**Problem**.
Of the entries below, return only those lines from the line with "925 Sterling Silver" to the line with "DON ED HARDY", exactly, both included.
###
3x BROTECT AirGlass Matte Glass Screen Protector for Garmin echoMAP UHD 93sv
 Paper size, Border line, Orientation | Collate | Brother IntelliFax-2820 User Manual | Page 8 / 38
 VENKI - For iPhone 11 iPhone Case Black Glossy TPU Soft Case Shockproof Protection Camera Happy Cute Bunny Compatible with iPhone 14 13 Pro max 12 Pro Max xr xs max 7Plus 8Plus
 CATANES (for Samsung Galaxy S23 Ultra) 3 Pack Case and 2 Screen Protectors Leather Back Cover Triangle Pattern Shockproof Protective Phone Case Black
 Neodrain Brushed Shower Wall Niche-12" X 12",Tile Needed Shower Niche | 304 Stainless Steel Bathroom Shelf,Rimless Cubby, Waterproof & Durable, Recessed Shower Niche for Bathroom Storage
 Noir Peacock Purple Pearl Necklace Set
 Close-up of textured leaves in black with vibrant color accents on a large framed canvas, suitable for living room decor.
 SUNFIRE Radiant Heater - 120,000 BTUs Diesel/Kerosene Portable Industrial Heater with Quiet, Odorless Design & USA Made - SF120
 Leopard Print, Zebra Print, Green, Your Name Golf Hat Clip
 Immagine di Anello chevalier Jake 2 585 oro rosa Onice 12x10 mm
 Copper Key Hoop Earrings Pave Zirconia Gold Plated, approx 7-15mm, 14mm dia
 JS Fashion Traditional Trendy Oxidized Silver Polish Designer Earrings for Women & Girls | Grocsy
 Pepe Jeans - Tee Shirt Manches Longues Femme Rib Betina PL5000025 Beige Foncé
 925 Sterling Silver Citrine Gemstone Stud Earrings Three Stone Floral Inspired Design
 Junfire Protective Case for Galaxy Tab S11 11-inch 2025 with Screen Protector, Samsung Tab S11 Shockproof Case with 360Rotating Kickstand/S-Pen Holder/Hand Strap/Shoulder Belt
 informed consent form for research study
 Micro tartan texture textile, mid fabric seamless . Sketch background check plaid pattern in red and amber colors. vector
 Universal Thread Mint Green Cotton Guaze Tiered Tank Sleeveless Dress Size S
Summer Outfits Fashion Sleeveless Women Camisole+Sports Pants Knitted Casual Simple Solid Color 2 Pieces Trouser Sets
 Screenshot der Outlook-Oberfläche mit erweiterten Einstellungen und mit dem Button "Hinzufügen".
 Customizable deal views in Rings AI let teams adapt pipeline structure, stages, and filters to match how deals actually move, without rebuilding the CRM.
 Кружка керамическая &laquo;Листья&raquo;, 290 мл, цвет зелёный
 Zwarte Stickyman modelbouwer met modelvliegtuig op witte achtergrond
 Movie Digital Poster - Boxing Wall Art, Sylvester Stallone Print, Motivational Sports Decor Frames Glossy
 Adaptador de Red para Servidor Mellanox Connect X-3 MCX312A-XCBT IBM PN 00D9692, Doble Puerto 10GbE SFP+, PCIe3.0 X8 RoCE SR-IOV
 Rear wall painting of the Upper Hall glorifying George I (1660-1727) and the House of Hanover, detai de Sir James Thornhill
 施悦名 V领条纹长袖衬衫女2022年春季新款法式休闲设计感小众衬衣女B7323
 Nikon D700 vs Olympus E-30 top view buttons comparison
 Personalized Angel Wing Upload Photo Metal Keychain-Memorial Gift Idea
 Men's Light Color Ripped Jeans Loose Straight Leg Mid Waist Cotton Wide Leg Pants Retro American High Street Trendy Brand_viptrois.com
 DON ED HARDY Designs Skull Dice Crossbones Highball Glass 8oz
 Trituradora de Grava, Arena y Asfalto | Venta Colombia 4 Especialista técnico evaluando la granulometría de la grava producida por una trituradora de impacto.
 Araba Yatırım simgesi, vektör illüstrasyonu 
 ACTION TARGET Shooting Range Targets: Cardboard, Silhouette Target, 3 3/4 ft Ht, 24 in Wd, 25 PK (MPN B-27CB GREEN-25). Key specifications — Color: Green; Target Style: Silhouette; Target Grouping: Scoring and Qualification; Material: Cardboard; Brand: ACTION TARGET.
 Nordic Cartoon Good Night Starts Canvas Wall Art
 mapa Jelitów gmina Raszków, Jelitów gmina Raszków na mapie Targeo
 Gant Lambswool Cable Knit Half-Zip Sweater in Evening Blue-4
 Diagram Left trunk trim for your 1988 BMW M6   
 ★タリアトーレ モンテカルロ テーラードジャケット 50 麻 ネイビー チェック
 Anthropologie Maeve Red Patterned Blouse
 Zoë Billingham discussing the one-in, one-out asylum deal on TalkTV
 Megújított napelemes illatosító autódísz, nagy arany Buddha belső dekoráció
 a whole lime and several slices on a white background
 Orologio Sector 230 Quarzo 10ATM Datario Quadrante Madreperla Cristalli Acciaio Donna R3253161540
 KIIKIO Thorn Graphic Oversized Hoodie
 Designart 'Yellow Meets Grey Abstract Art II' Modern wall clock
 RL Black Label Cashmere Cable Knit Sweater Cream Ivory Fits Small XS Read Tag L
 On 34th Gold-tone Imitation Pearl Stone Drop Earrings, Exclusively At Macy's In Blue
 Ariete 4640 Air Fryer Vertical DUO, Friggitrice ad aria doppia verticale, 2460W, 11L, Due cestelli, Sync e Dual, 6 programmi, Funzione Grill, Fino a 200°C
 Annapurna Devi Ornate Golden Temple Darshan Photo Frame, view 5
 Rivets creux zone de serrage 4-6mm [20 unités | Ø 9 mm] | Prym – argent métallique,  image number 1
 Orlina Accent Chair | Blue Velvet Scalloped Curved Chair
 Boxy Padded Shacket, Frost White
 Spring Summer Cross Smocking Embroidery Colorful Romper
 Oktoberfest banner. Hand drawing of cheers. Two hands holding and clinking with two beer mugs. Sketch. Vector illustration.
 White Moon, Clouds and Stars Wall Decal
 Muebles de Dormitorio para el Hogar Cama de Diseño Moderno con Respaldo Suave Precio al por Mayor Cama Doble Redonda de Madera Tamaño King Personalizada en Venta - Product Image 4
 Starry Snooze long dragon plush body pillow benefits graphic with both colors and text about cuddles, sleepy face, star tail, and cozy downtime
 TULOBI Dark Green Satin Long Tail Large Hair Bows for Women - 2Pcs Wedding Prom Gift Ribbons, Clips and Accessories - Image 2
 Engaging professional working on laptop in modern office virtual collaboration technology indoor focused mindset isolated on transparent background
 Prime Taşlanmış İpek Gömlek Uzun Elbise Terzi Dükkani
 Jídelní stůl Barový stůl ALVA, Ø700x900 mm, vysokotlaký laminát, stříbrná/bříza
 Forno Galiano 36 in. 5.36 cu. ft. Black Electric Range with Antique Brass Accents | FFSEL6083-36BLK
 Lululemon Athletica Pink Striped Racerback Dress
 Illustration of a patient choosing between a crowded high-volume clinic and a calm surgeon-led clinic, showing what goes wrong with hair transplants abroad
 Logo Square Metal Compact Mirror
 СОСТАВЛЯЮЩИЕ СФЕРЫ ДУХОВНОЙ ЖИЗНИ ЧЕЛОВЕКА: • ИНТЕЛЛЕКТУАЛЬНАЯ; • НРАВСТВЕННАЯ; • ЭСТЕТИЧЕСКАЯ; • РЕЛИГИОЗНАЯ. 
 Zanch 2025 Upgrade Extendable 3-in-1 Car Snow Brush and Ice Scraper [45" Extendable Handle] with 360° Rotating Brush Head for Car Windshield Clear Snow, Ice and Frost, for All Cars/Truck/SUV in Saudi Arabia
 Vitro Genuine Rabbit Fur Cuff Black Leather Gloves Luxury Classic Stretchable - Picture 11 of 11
###
**Response area**.
 925 Sterling Silver Citrine Gemstone Stud Earrings Three Stone Floral Inspired Design
 Junfire Protective Case for Galaxy Tab S11 11-inch 2025 with Screen Protector, Samsung Tab S11 Shockproof Case with 360Rotating Kickstand/S-Pen Holder/Hand Strap/Shoulder Belt
 informed consent form for research study
 Micro tartan texture textile, mid fabric seamless . Sketch background check plaid pattern in red and amber colors. vector
 Universal Thread Mint Green Cotton Guaze Tiered Tank Sleeveless Dress Size S
Summer Outfits Fashion Sleeveless Women Camisole+Sports Pants Knitted Casual Simple Solid Color 2 Pieces Trouser Sets
 Screenshot der Outlook-Oberfläche mit erweiterten Einstellungen und mit dem Button "Hinzufügen".
 Customizable deal views in Rings AI let teams adapt pipeline structure, stages, and filters to match how deals actually move, without rebuilding the CRM.
 Кружка керамическая &laquo;Листья&raquo;, 290 мл, цвет зелёный
 Zwarte Stickyman modelbouwer met modelvliegtuig op witte achtergrond
 Movie Digital Poster - Boxing Wall Art, Sylvester Stallone Print, Motivational Sports Decor Frames Glossy
 Adaptador de Red para Servidor Mellanox Connect X-3 MCX312A-XCBT IBM PN 00D9692, Doble Puerto 10GbE SFP+, PCIe3.0 X8 RoCE SR-IOV
 Rear wall painting of the Upper Hall glorifying George I (1660-1727) and the House of Hanover, detai de Sir James Thornhill
 施悦名 V领条纹长袖衬衫女2022年春季新款法式休闲设计感小众衬衣女B7323
 Nikon D700 vs Olympus E-30 top view buttons comparison
 Personalized Angel Wing Upload Photo Metal Keychain-Memorial Gift Idea
 Men's Light Color Ripped Jeans Loose Straight Leg Mid Waist Cotton Wide Leg Pants Retro American High Street Trendy Brand_viptrois.com
 DON ED HARDY Designs Skull Dice Crossbones Highball Glass 8oz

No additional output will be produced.